Para Vicente, o problema da prática é que ela traz “uma carga emocional muito forte”. “Traz os instintos mais primitivos que são o medo e a raiva, mas o policial só pode reagir indo para a frente da ameaça à sua integridade ou a de terceiros.” O policial atira, segundo o coronel, para neutralizar a ameaça. Por isso, segundo ele, são mais utilizadas armas com poder maior de impacto do que de perfuração. “São momentos muito rápidos e de perigo muito intenso. O policial é treinado para dar dois tiros no peito porque é improvável que acerte os braços ou as pernas, mas dar cinco tiros na cabeça não é justificável.”
Sobreposição das polícias
O presidente da Associação dos Delegados de Polícia do Estado de São Paulo, Gustavo Mesquita, afirma que a Polícia Civil, responsável pelas investigações criminais, possui uma estrutura insatisfatória. “Os órgãos policiais não conseguem exercer suas funções porque não têm a devida valorização do governo de São Paulo”, diz. Ao exercer suas atividades, porém, ele ressalta que é importante que “cada instituição atue sem avançar nas atribuições alheias.”
Isso porque uma decisão do Tribunal de Justiça Militar autorizou que policiais militares realizem a apreensão de objetos de crimes de morte decorrentes de intervenção militar. “Isso coloca dificuldades à Polícia Civil na investigação de crimes conta a vida, já que os objetos do crime são fundamentais”, diz Mesquita. “Isso manda uma mensagem de impunidade à população, justamente quando vemos uma escalada de crimes envolvendo policiais militares.”
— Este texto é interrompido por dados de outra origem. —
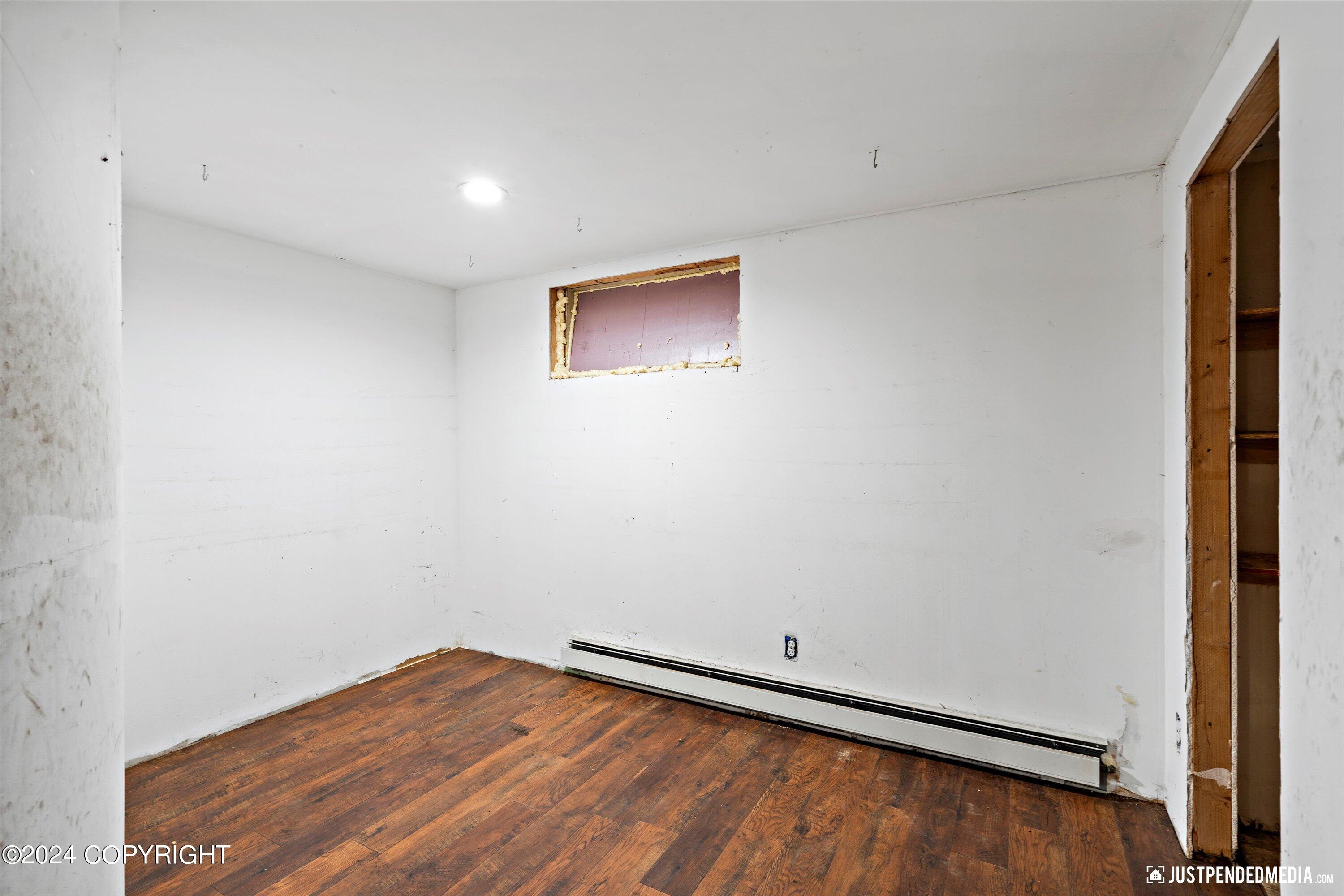 Anchorage, Alaska 99504, United States, 3 Bedrooms Bedrooms, ,2 BathroomsBathrooms,Residential,Pending,42165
Segundo o presidente da associação, a investigação da Polícia Civil em caso de resistência seguida de morte é uma garantia ao cidadão e aos policiais envolvidos. “A ação pode ser legítima, mas precisa da investigação. Os policiais militares têm de se preocupar em realizar as suas funções e não em usurpar funções alheias. Cada instituição deve atuar de forma independente e isolada, se complementando quando for o caso. “Defendemos que ambas as corregedorias das instituições tenham uma atuação forte e contundente para punir todo e qualquer abuso da corporação cometidos por policiais.”
Celular como arma cidadã
O advogado do Condepe, Ariel de Castro Alves, afirma que o celular tem se tornado um importante instrumento para denunciar a violência policial em regiões periféricas. “Os celulares viraram as únicas armas das comunidades contra a crescente violência policial. Curioso é que a população tenha que se proteger de membros da instituição que existe com a finalidade de proteger a própria população e a sociedade.”
Para ele, o programa de retreinamento policial é uma estratégia de marketing do governo de São Paulo. “É uma tentativa de o Estado dar uma resposta à sociedade diante dos recentes casos de violência, mas não terá nenhuma efetividade. Enquanto não houver a desmilitarização continuaremos a ter uma polícia violenta, seletiva, racista e discriminatória.”
"Curioso é que a população tenha que se proteger de membros da instituição que existe com a finalidade de proteger a própria população e a sociedade."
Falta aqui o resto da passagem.